The biggest question is - am I better? Or have I become much better at coping and handling this 'new normal'?
Apart from the resolved thyroid issue, I'm not all that sure. I think that there are aspects of both. I think that, in some ways, my situation has improved... but in other ways, I have simply been able to avoid triggers and learn how to work around my limitations.

I am grateful that I can attend the odd yoga class, or go out and see a band play, or go and watch a movie, without having to take a week or two to recuperate. That is a great feeling. And in all honesty, this Christmas was the BEST one I have had in years. I was actually able to eat and enjoy all of the treats that Christmas brings, without ending up in tears in the washroom from pain.

So here are my biggest limitations that I would like to figure out in 2016.
I would like to figure out why stairs are so difficult, and maybe improve that portion.

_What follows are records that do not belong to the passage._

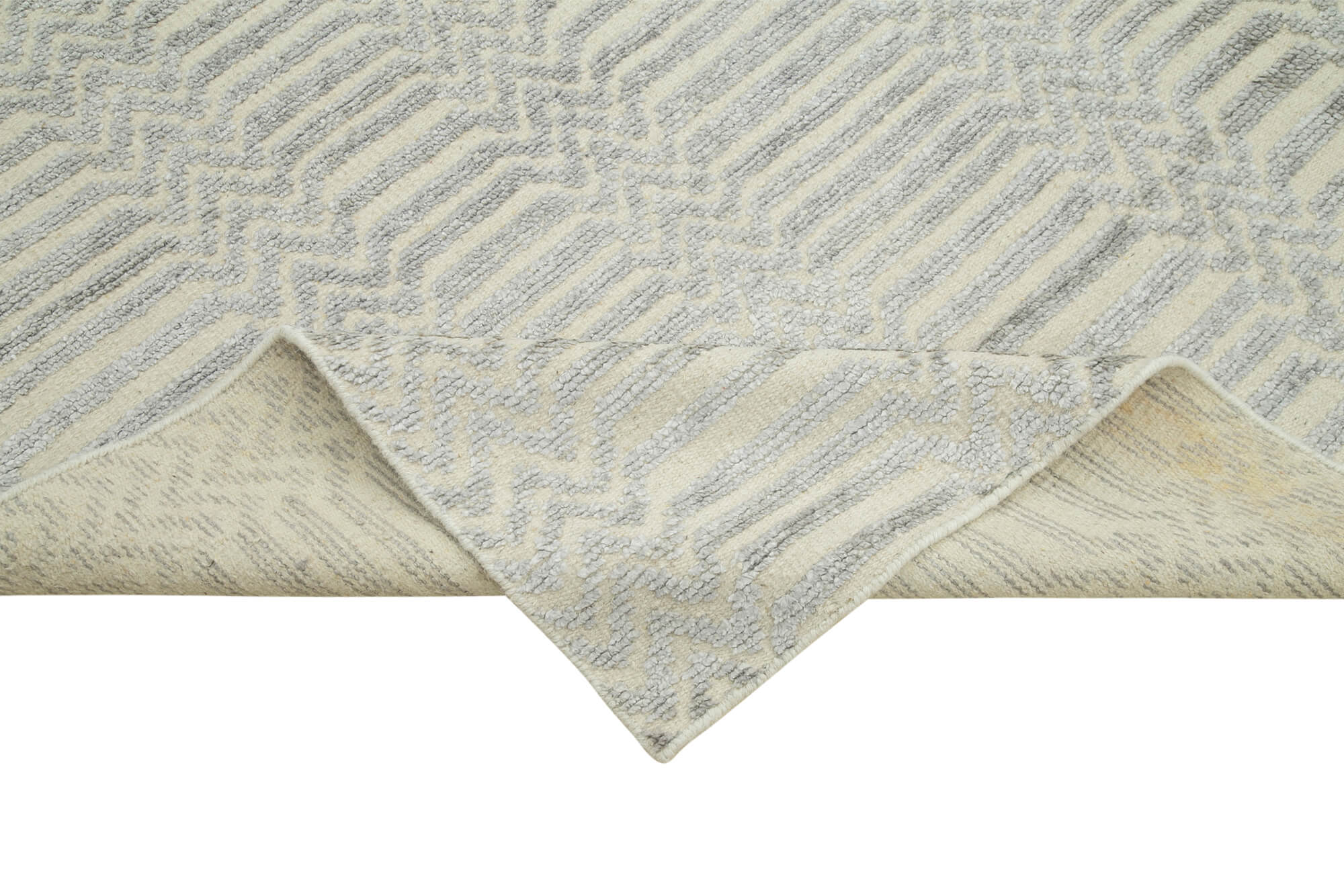 Handmade Wool Cotton Rug – Grey Geometric Area Rug | Soft Durable Cotton Blend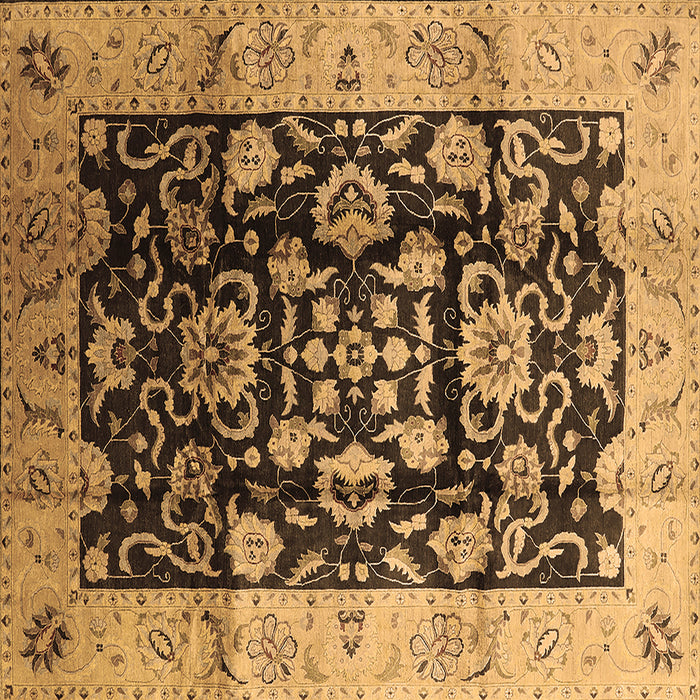 Square Oriental Brown Traditional Rug, urb618brn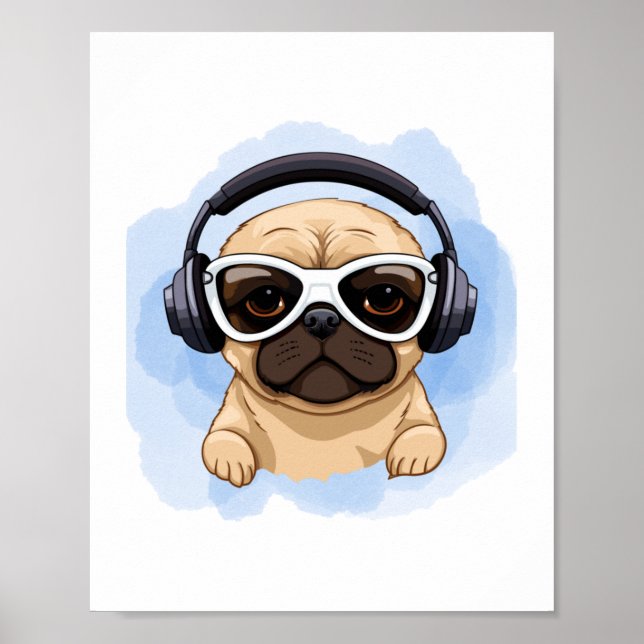 Hund med hörlurar 2 poster (Framsidan)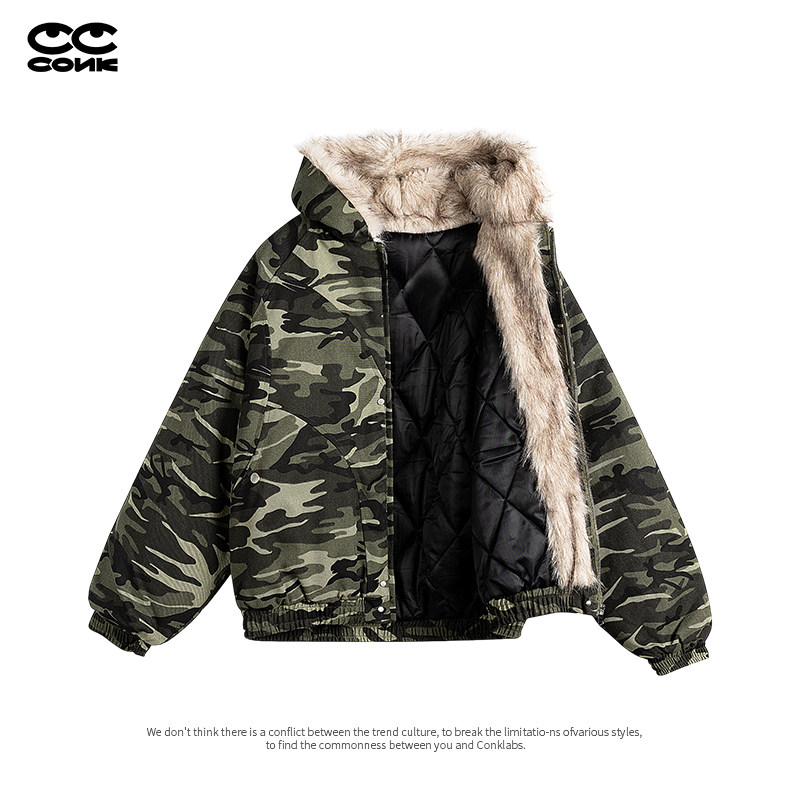 CONKLAB秋冬厚款迷彩连帽棉服女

I would like to find out how to be able to enjoy having a shower again without vomiting. There are some other personal issues that I would like resolved - although surgery was supposedly the last resort, so without surgery I don't know what kind of options I might have - and I would really love to get back into a bit of a yoga class routine and maybe get a few more singing opportunities.

But overall, I am extremely grateful for 2015. Finding my one and only, plus managing to avoid the Emergency Room all year, getting my thyroid back under control, and gaining some extremely important physician referrals onto my case.

So now the biggest question is:

Is this my 'new normal' for which I simply have to accept?
Or are these symptoms temporary - for which my physicians will find some future effective treatments?

If this truly is my 'new normal', then I will be looking at getting a power wheelchair in 2016. I want to be able to go to and enjoy a hockey game or a football game, and my biggest obstacle is the walking and all of the stairs to GET to the seats at the stadium. If I have a wheelchair, then that will take care of walking, so then I could sit there for about half of a game with no trouble. Getting there is the problem... but once I'm there, it would be like watching a movie - which I have finally been able to do a few times this year.

2015 was my year in many ways. Maybe 2016 will be my year in other ways! Fingers crossed!